PERSOALAN UTAMA DI BALIK TAMBANG EMAS ILEGAL
Oleh Ira Fuji Lestari
Penambangan emas ilegal telah diungkap oleh polisi di Kecamatan
Kutawaringin, Kabupaten Bandung, beberapa waktu yang lalu. Aksi penambangan
tersebut ternyata telah berlangsung puluhan tahun yang lalu, dan sebanyak tujuh
pelaku diamankan. Rata-rata pendapatan aktivitas tersebut per hari adalah Rp200
juta, dan jika dikali sebulan kurang lebih Rp6 miliar. Maka, dalam 10 tahun,
penambangan emas ilegal ini menyebabkan kerugian negara sebanyak Rp1 triliun.
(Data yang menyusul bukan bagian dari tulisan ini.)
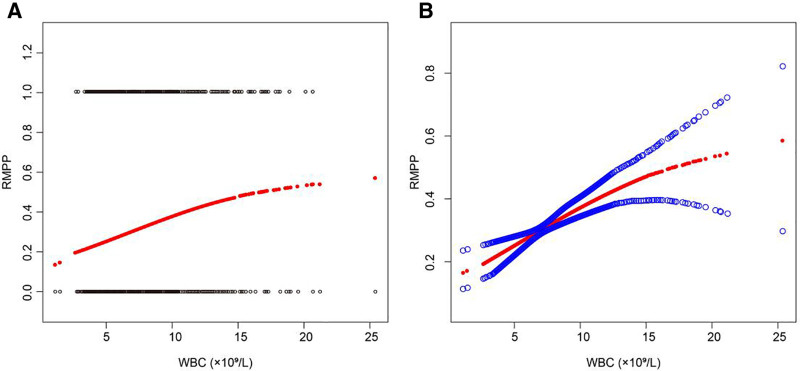Threshold effect of white blood cell count on the risk of refractory Mycoplasma pneumoniae pneumonia in pediatric patients: A retrospective cohort study.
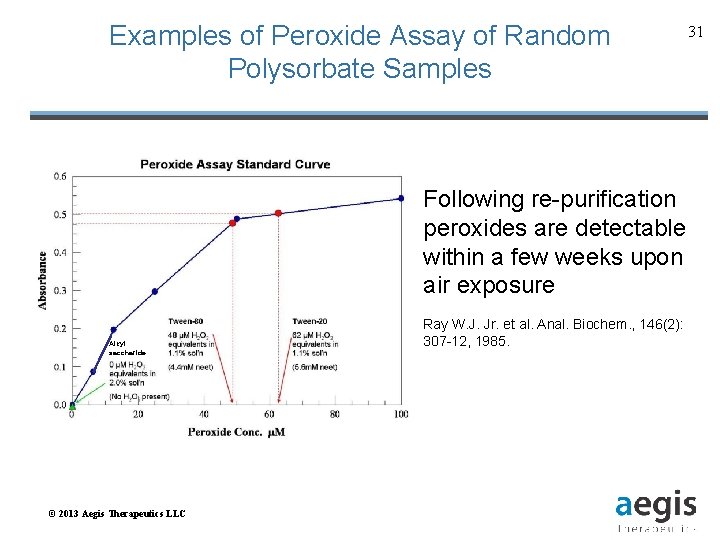 Examples of Peroxide Assay of Random Polysorbate Samples 31 Following re-purification peroxides are detectable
Kades Cibodas Kutawaringin, Pupu Alamsah, mengatakan bahwa pihaknya tidak
pernah mengetahui izin dari penambangan tersebut. Dirinya menjabat sebagai
kepala desa dari tahun 2006 sampai 2012, dan 2019 sampai 2027. Pupu menjelaskan
dalam perjalanannya, pemerintah desa kerap melakukan ultimatum kepada para
penambang, namun kerap diabaiakan (detikjabar.com, 22/01/2025).
Berbicara tentang tambang, terdapat beberapa hal yang berkaitan dengannya.
Pertama, investasi. Kedua, fakta tentang tambang itu sendiri. Ketiga,
kebijakan. Berkaitan dengan fakta tambang, barang tambang yang jumlahnya
terbatas dan hanya sedikit boleh diakses individu, tetapi jika jumlahnya sangat
banyak atau tidak terbatas, negaralah yang mengelolanya.
Persoalannya, hari ini tambang-tambang yang jumlahnya tidak terbatas tidak
dikelola sepenuhnya oleh negara, tetapi juga oleh swasta. Hal ini dilindungi
oleh undang-undang, sehingga memberi peluang kepada swasta untuk mengelola
tambang, sedangkan pemerintah hanya mengatur area, mengatur eksplorasi, dan
mengatur investasi. Pengelolaan dan peraturan seperti itu tentu saja akan
menimbulkan persoalan, karena fokusnya tidak benar-benar menempatkan negara
sebagai pengelola.
Standar kebolehan mengelola tambang hanya berdasarkan izin. Perizinan ini
memunculkan persoalan. Banyak pemain tambang memberikan uang pelicin (sogokan).
Itu semua adalah gambaran penerapan ekonomi kapitalisme yang tidak menempatkan
tambang sebagai kepemilikan umum yang harus dikelola oleh negara yang seluruh
hasilnya dikembalikan kepada rakyat. Fokus negara hanya siapa yang berinvestasi.
Jika dapat berinvestasi, negara langsung mengizinkan. Negara juga berupaya menggaet
para investor dan memberi keleluasaan mengelola tambang. Maka, pangkal
persoalan pengelolaan tambang ilegal adalah penerapan sistem ekonomi kapitalis
liberal.
Berbeda halnya dengan ekonomi Islam yang tidak berfokus kepada investasi. Tambang benar-benar ditempatkan sebagai kepemilikan umum. Eksistensi kepemilikan umum itu dipegang teguh, tidak boleh dimiliki oleh negara, tidak boleh dimiliki oleh individu, tetapi tetap diposisikan sebagai kepemilikan umum. Selama negara masih mengadopsi sistem kapitalisme liberal, persoalan tambang tidak akan pernah selesai dan yang diuntungkan hanya pemilik modal. Allahu a’lam bii shawwab.